What you will do — Every record below must be written out exactly. Leave out the pictures.

BEGIN Provided data

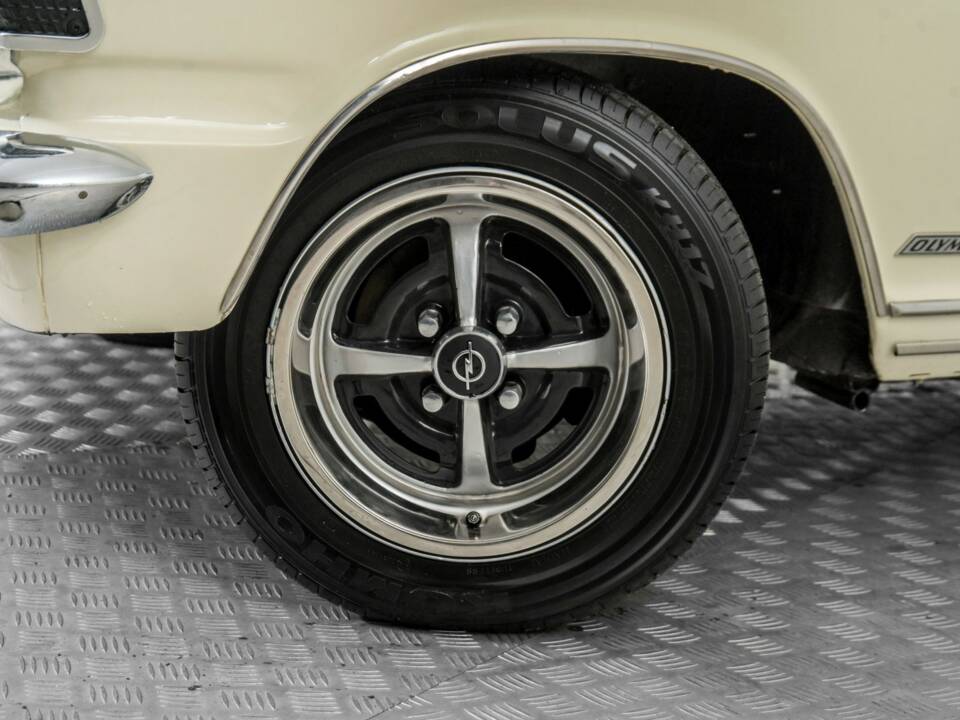 Image 4/50 of Opel Olympia 1700 S (1968)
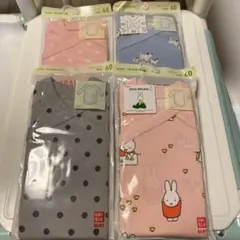 ユニクロ　ボディスーツ　60 女の子向け　4着セット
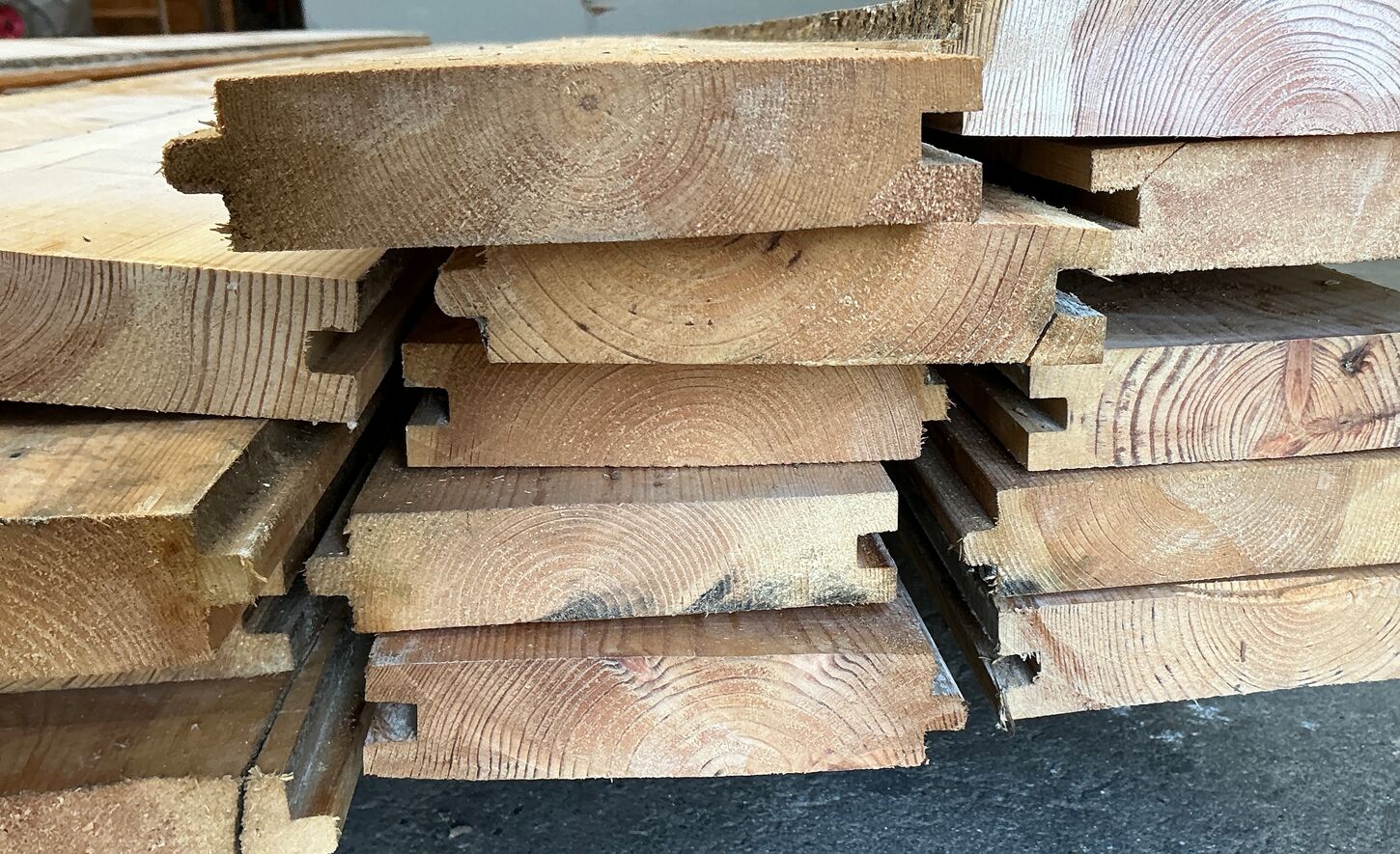 Brugt gulvbrædder i fyr, 11m2, 11,3 cm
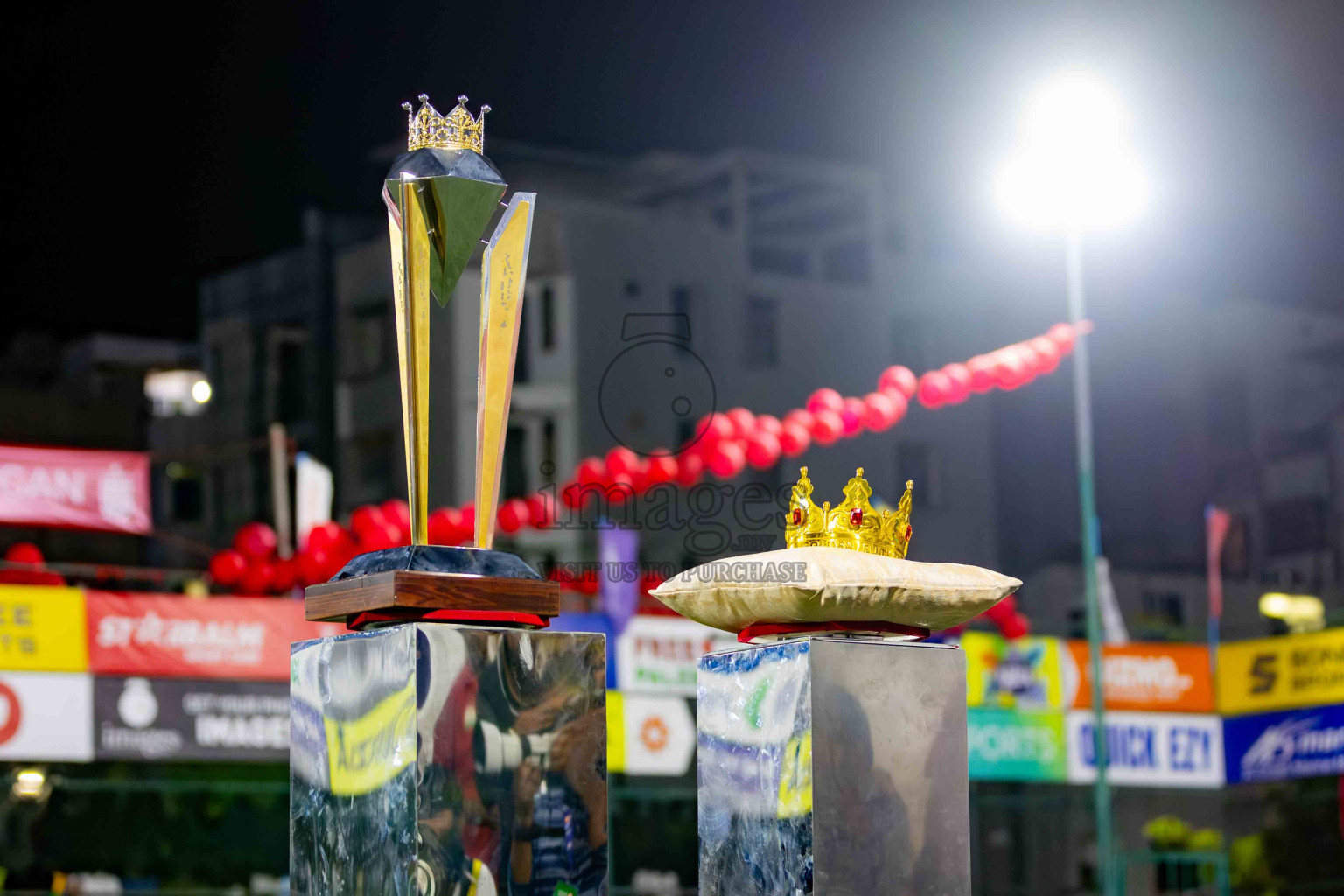 L. Gan VS B. Eydhafushi in the Finals of Golden Futsal Challenge 2024 which was held on Thursday, 7th March 2024, in Hulhumale', Maldives. 
Photos: Hassan Simah / images.mv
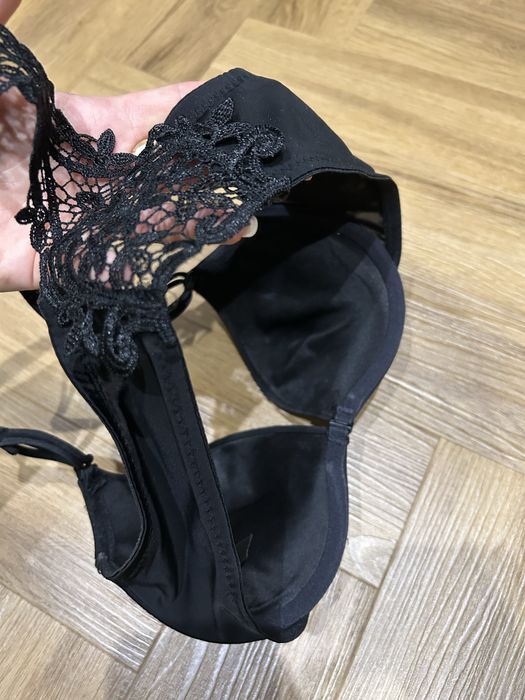 Biustonosz 65B z koronką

END Provided data

Solution to the exercise —
 Image 4/50 of Opel Olympia 1700 S (1968)
 ユニクロ　ボディスーツ　60 女の子向け　4着セット
 Brugt gulvbrædder i fyr, 11m2, 11,3 cm
 L. Gan VS B. Eydhafushi in the Finals of Golden Futsal Challenge 2024 which was held on Thursday, 7th March 2024, in Hulhumale', Maldives. 
Photos: Hassan Simah / images.mv
 Biustonosz 65B z koronką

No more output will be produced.